Отсюда Шеллинг выводил свою «философию природы» и свою «философию духа». Отправляясь от основного тожества духа и природы, субъекта и объекта, он поставил себе задачей рассмотреть, каким образом природа в своем развитии «приходит к духу», т. е. становится сознающим разумом, и каким образом дух становится природой, т. е. каким образом возникает мир явлений, как мыслим этот мир.
==616
Окончательное развитие этому учению придал Гегель: тожество субъекта и объекта определяется им как логическая мысль. Исходная точка человеческого познания есть именно такая мысль, понимающая в себе сущее. Все сущее, все являющееся, все чувственное — понимается только мыслью, определяется ею одною, т. е. ее понятиями. Без нее нет ни тожества, ни различия, ни бытия, ни небытия. В логическом познании раскрывается, с одной стороны, сверхпсихологический, сверхсубъективный характер мышления, которое совпадает с объектом, с реальными отношениями и законами сущего; с другой стороны, раскрывается логическая природа этого сущего, сообразного с мыслью, определяющегося ею и понимаемого ею. В основании философии должен лежать исключительно принцип истинного знания; а принципом такого знания является логическое единство субъекта и объекта, т. е. их единство в логической мысли. Основное начало философии Гегеля сводится к самоочевидному положению: без мысли и вне мысли ничто не мыслимо. Отсюда сущее определяется как объективная мысль, или идея. Это самое общее из всех определений, ибо всякое определение есть мысль. Исчерпывается ли сущее каким бы то ни было определением — это вопрос, который мы пока оставляем открытым. Мы ограничиваемся здесь лишь изложением основного начала логического идеализма, предоставляя себе впоследствии подвергнуть его критическому анализу.

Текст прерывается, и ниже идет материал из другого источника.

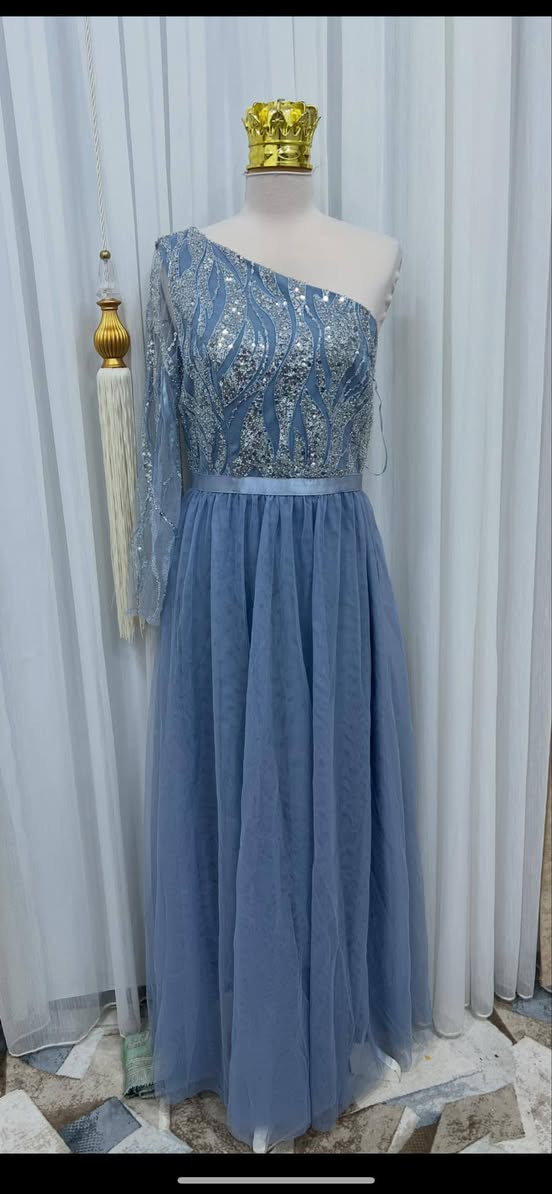 السلام عليكم بدلتين بيضاء وبيجي وفستان سمائي يخبلن بللبس بس لان حامل ماضابط شكلهن البدلات ع 35 والفستان ب25 بيهن مجال بسيط عندي توصيل لكل مكان واذا كلهن احسبهن ب75 مكاني بغداد


**إذا كنت صاحب هذا الإعلان وتريد حذفه لأي سبب، رجاءا أرسل رسالة إلى الدعم الفني**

Само по себе определение сущего как идеи вполне логично, при всей своей отвлеченности и кажущейся пара^ доксальности: отвлеченность всегда более или менее парадоксальна. На самом деле новое определение проще, чем кажется с первого взгляда, и представляется результатом критицизма, будучи свободно от каких либо догматических предположений. «Сущее» есть во всяком случае идея, отвлеченное понятие — независимо от того, соответствует ли ему какая нибудь реальность вне мысли или нет. Но, по Гегелю, никакая реальность вне мысли — не мыслима: это так же ясно, как то, что А= А. И всякая реальность, все существующее известно нам только как мыслимое нами — включая сюда и все то, что мы чувствуем и воспринимаем, — ибо все это есть возможный, действительный или необходимый предмет нашей мысли. Мысль не знает «вещей в себе»; такие вещи, которые не являются нам, не воспринимаются нашей чувственностью, суть прежде всего отвлеченные понятия нашей мысли, — идеи, которые мы можем только мыслить.